L’exercice n’est pas facile et espérons que l’Histoire ne se répète pas. Faisons le grand écart et sautons le règne du Général-président Lansana Conté. Facile pour Alpha Condé qui avait pris la Guinée là où Sékou Touré l’avait laissée, à la Case de Bellevue, à la Cité de l’OUA, construites par le Maroc d’Hassan II. Mais Hassan II n’était pas Mohamed V, un des pères fondateurs du Groupe de Casablanca, qui serait plus panafricaniste que le Groupe de Monrovia, avec les « réactionnaires » Houphouët, Senghor et consorts.
Mais au tournant des années 70, après avoir visité Yamoussoukro, Sékou Touré s’était-il senti sur la mauvaise voie, du moins en matière de développement économique ? Mais voilà, il n’y a pas d’économie sans politique. Du reste, la science de l’économie avait reçu comme nom de baptême Economie politique, de Proudhon, Saint Simon, à Karl Marx, jusqu’à mon professeur Henri Guitton (frère du philosophe Jean Guitton, ami du pape..).
Il y avait cette épineuse question du Sahara occidental que réclamait bec et ongles Hassan II d’un côté, et de l’autre les tenants « révolutionnaires d’un Sahara mauritanien soutenu par l’Afrique « progressiste. ». D’où le retrait du Maroc, avec cette phrase du roi de l’époque commentant une importante réunion de l’OUA :
– Ah, vous parlez de cette danse de la Saint-Guy, lâcha-t-il à un journaliste.
La Saint-Guy est un rite très profane des Bretons et autres Celtes, qui se dansait avec des protagonistes qui avaient pour seul vêtement un cache-sexe, probablement une feuille de l’essence qui donne son nom à ce Halloween des temps ante-monothéistes !
Sékou Touré tenait pourtant à cette ultime réunion de l’OUA à Conakry. Il décide de faire le grand écart et commence par le Maroc où il s’entend dire à peu près ceci :
Oui mais si l’Algérie y participe alors qu’elle soutient…
Pas du tout découragé, Sékou Touré s’envole pour l’Algérie:
– Oui mais si le Maroc y participe alors qu’il soutient que …
Sékou aurait poursuivi jusqu’en Lybie pour voir l’autre Guide suprême.
Il en repart, emportant la rumeur tenace d’un micro d’où il aurait inspiré un poison. Mais la réalité est d’une cruelle ironie.

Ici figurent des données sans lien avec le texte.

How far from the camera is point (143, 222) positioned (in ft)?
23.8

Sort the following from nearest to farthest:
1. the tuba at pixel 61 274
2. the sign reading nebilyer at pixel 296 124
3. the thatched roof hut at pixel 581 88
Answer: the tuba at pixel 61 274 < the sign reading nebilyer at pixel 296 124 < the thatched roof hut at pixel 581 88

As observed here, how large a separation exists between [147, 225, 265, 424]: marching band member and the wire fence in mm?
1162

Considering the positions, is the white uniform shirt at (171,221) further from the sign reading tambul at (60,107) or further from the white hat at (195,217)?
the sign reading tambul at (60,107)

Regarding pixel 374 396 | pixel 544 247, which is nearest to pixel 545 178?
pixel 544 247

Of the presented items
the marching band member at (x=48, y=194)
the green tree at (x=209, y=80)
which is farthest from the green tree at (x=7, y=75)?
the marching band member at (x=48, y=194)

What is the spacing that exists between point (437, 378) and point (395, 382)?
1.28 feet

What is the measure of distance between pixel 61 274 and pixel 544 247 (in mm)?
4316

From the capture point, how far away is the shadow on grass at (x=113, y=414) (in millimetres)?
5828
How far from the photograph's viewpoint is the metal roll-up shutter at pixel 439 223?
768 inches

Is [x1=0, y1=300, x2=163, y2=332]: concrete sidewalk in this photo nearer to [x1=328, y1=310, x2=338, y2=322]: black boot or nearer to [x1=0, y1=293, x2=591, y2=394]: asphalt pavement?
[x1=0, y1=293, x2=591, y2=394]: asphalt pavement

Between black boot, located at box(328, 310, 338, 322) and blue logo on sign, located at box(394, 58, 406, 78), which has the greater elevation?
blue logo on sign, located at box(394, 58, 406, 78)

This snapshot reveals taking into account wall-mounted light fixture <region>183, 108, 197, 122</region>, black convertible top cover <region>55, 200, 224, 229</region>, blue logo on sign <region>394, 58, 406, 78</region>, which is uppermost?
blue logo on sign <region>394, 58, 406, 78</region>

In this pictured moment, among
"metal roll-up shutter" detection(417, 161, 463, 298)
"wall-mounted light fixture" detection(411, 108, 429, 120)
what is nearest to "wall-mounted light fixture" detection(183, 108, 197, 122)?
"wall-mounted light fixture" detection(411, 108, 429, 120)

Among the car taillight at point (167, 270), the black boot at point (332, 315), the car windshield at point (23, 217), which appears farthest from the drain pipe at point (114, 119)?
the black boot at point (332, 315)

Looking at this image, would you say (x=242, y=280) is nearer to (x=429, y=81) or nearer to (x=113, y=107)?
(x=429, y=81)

Ecartelé, il revint à Conakry. Après avoir dit adieu – on le comprendra plus tard – à une certaine jeunesse lors de son dernier rassemblement, il vomit du sang – dit-ton- et dans l’intimité, sous la pression de cette dernière et sans doute conduite par Ismaël Touré (1), il ne lui restait plus qu’à se faire évacuer au Maroc, et aux frais de l’Arabie saoudite, « aller jusqu’au bout de son rêve » (L’Alchimiste de Paulo Coello), continuer le chemin de son destin jusque sur cette table d’opération de Cleveland, au cœur de Babylone où il trouva son tombeau au lieu que la Guinée fût le tombeau de l’impérialisme.
Quant à Alpha, le désistement d’Issoufou en sa faveur était prévisible, c’est un ami de longue date. Certes, toute la CEDEAO n’est pas composée que d’amis. C’est que la présidence de l’UA africaine n’est pas une sinécure. Et la plupart des chefs d’Etat de ce conglomérat de présidents à vie – avec de notables exceptions – ne sont pas friands de voyages. Et pour cause ! Qui va à la chasse trop souvent même en Classe affaires, perd sa place.

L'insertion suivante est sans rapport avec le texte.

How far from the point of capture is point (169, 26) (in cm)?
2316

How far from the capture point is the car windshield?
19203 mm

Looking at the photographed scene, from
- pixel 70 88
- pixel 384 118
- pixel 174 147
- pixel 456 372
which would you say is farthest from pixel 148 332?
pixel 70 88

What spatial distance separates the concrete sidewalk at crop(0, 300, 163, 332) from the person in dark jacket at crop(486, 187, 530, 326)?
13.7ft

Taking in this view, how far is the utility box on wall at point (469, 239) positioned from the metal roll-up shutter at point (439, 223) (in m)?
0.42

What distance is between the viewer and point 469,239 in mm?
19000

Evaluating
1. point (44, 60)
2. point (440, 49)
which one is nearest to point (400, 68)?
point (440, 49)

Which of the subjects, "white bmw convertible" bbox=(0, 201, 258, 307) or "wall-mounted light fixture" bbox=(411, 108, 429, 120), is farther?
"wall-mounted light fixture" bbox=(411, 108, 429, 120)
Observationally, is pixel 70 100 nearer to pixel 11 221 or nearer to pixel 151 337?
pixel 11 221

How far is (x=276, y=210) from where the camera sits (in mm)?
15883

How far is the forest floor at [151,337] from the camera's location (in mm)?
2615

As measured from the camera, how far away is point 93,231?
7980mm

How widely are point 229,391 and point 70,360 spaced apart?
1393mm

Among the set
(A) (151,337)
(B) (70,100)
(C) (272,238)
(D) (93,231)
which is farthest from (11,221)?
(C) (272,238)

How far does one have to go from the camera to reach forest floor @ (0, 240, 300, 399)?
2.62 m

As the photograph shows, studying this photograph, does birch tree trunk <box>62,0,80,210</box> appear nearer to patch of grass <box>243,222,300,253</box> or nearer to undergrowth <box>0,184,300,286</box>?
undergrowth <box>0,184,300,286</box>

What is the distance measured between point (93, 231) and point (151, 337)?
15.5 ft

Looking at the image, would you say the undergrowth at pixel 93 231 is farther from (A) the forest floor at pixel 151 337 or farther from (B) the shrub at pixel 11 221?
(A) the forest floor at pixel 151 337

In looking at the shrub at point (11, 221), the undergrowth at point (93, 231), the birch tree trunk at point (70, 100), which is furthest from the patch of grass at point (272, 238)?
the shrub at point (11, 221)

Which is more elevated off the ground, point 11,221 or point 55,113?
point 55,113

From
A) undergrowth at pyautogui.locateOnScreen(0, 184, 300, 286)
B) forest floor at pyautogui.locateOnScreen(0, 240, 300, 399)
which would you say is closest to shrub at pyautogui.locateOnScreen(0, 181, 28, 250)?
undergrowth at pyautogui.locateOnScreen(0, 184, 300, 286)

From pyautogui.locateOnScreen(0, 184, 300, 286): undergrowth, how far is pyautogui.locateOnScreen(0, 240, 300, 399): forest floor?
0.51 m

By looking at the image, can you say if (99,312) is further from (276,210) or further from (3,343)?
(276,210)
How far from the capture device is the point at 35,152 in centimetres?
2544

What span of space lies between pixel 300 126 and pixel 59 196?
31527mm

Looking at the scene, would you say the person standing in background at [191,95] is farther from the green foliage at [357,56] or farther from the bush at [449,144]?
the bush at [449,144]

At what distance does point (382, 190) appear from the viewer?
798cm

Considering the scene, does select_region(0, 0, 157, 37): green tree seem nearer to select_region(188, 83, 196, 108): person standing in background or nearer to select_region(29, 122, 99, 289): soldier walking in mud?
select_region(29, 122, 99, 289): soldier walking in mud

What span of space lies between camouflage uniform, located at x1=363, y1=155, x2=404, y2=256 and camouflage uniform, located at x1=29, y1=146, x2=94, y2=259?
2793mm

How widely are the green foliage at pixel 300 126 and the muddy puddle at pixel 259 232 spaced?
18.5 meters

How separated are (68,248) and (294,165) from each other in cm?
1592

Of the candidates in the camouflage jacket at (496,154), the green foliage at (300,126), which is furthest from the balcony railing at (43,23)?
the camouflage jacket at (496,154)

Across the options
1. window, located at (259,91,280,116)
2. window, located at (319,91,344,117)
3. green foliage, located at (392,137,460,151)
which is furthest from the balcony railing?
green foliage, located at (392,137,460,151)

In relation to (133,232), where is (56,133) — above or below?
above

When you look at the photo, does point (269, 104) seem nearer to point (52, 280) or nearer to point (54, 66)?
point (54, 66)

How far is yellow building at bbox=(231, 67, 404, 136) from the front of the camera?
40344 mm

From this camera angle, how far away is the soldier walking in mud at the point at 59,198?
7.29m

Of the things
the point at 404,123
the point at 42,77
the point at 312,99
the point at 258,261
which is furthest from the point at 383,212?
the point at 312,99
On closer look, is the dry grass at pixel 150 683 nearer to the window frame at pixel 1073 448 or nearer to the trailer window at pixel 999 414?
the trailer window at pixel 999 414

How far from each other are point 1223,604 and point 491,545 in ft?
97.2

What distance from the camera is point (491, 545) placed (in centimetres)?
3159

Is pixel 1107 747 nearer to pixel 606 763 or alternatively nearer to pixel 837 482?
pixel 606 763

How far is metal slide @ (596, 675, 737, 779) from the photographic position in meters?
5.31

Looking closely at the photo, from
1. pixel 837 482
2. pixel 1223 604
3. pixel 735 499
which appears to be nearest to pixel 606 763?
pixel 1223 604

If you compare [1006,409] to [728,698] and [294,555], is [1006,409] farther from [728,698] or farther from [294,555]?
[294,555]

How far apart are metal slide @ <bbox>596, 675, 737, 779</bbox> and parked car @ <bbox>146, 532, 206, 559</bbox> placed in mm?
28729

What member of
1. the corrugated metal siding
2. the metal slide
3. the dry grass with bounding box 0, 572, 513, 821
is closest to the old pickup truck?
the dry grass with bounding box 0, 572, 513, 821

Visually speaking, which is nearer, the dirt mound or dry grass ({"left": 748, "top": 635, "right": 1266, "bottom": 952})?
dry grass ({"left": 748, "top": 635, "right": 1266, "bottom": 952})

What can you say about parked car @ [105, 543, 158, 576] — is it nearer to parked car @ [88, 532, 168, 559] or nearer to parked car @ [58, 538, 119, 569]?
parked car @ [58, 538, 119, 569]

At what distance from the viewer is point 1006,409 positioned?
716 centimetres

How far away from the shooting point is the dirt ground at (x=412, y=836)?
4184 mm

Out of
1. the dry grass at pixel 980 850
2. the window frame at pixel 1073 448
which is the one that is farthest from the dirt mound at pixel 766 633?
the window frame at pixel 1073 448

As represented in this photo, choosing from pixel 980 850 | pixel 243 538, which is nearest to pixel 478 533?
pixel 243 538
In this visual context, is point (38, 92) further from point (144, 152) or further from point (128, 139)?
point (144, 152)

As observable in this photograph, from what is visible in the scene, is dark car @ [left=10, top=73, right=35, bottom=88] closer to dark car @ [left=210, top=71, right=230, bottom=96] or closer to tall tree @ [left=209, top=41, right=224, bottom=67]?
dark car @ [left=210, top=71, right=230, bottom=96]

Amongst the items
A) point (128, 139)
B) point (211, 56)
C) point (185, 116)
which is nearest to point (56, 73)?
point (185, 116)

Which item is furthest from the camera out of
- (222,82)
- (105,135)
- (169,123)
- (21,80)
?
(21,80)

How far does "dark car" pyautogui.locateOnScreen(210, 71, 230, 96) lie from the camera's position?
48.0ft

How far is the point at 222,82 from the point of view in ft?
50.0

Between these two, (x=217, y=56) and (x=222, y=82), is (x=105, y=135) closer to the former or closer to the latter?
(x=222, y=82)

Qu’est-ce qu’Alpha dira à notre ami le roi Mohamed VI qui nous a offert ce magnifique palais, qui a accepté de venir à ces cérémonies de la Saint-Guy que le Maroc avait boudées pendant une quarantaine d’années ? Je pense à nos compatriotes les Koniaguis de Sarè Boïdo-Koundara qui, jusqu’aux années quarante, trouvaient qu’il était absurde de se mettre en costard quand il fait 40 degrés à l’ombre. Ils nous ont pourtant donné, un grand poète, Alphonse Tylé Sarah, frère (ou cousin) aîné de Monseigneur Sarah, qui sera peut-être pape qui sait ?
Boutéflika ne viendra pas. Le motif est tout trouvé : il n’est pas d’attaque, ni pour twister comme Alpha qui n’a pas perdu son pas de Zazou pendant ces fêtes, encore moins pour délivrer une de ces figures de danse de la mort à la quelle se livrent les jeunes initiés revenus de La mort sara (Robert Jaulin), un terrible rite tchadien que les Koniaguis et toutes les voies initiatiques africaines pratiquent toujours dans le secret du Bois sacré. Qui connaît le nom de « l’homme fort » qui pourrait aider les gendarmes du siècle à faire déposer Bouteflika, le cas échéant ? Comme ils l’avaient avec le commandant en chef, Bourguiba soi-même !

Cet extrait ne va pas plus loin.